---- DATA EXCERPTS

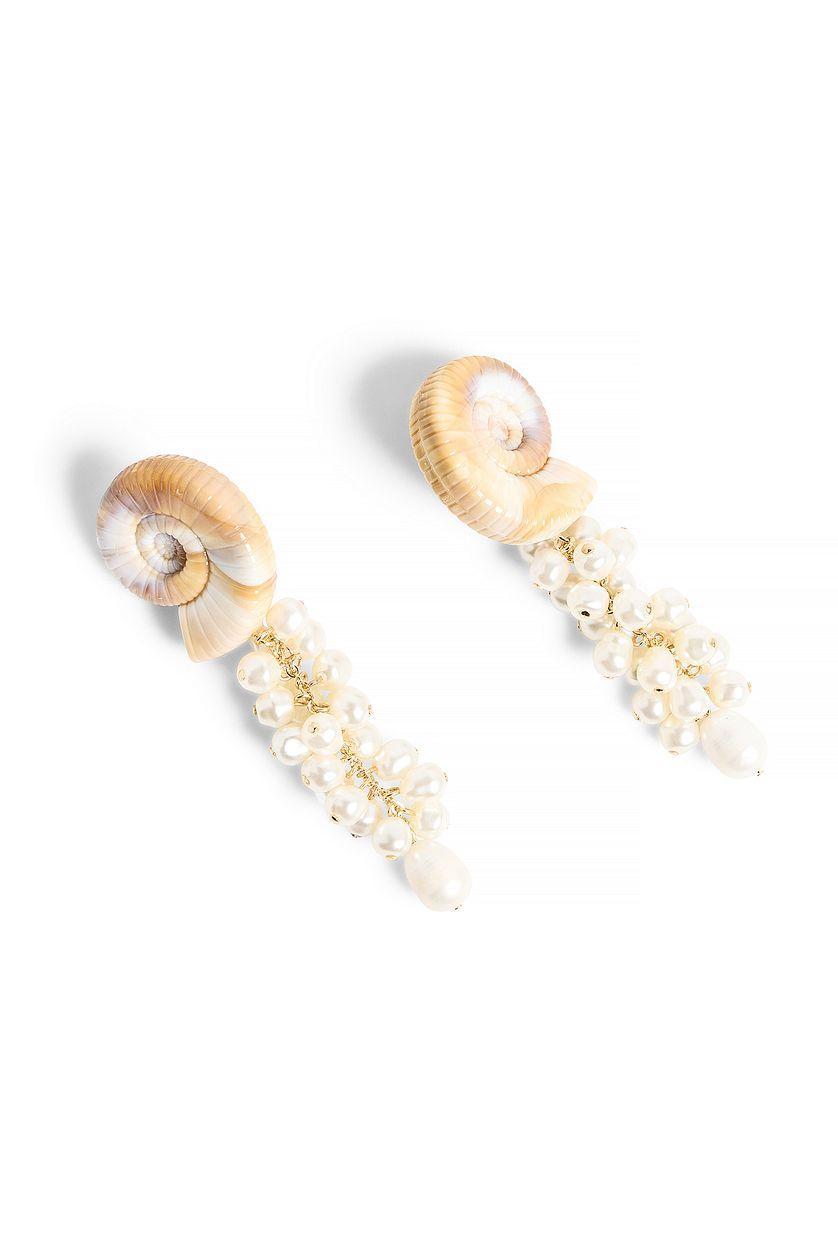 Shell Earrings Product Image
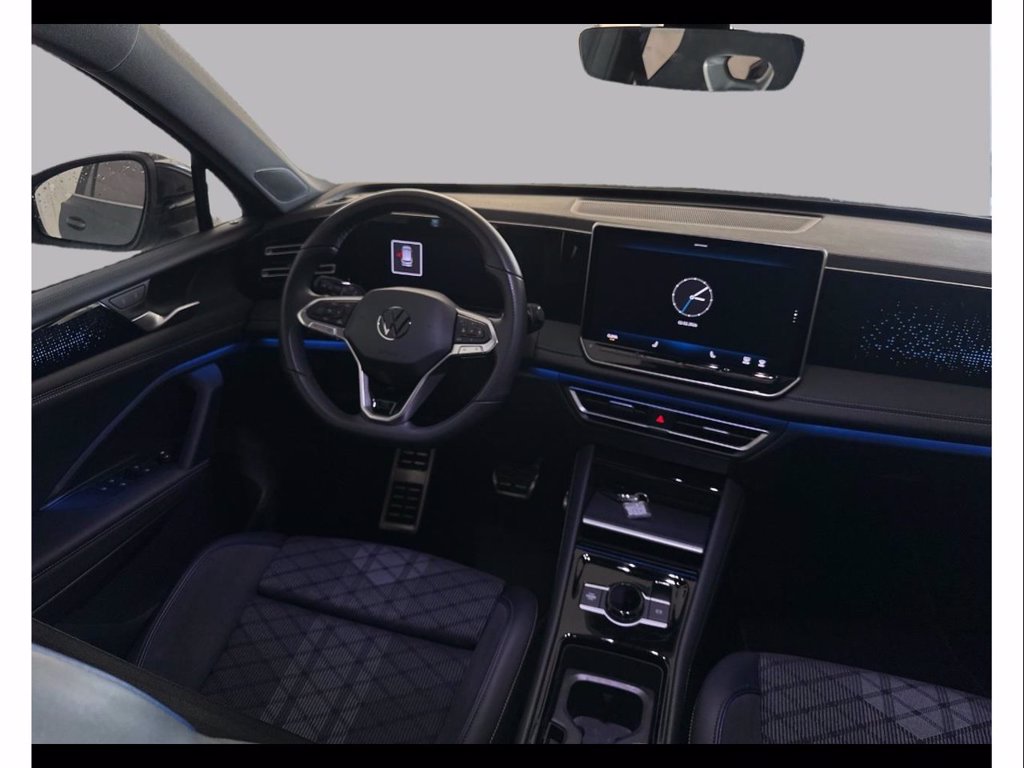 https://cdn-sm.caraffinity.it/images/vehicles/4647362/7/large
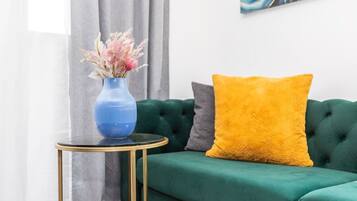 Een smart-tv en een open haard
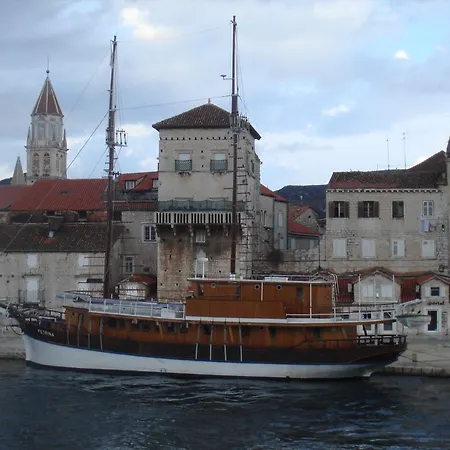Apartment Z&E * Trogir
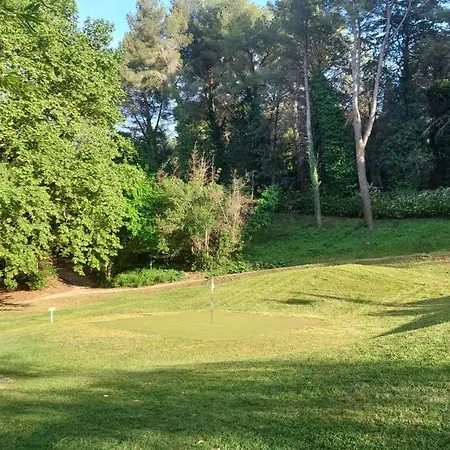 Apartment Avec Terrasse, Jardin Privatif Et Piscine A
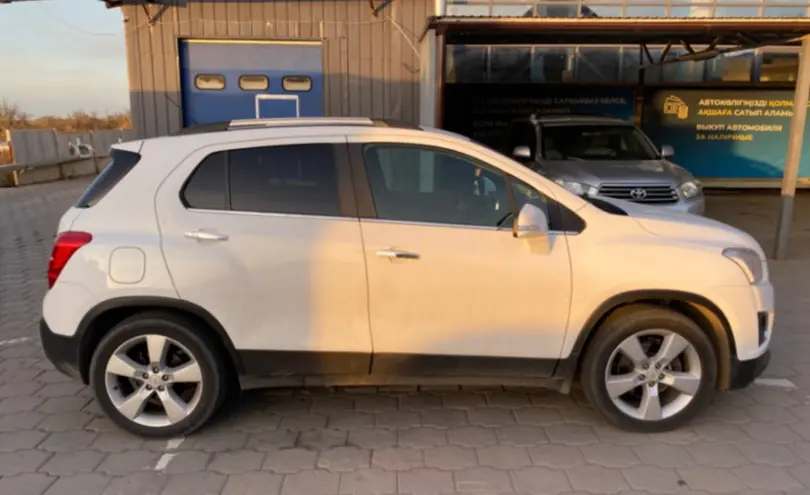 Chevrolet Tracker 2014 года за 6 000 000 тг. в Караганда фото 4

--------

**BRIEF**
I would like you to retype exactly the lines running from the one containing "Een smart-tv en een open haard" to the last line of the entries, both included, leaving all pictures out.

**ANSWER BOX**
 Een smart-tv en een open haard
Apartment Z&E * Trogir
 Apartment Avec Terrasse, Jardin Privatif Et Piscine A
 Chevrolet Tracker 2014 года за 6 000 000 тг. в Караганда фото 4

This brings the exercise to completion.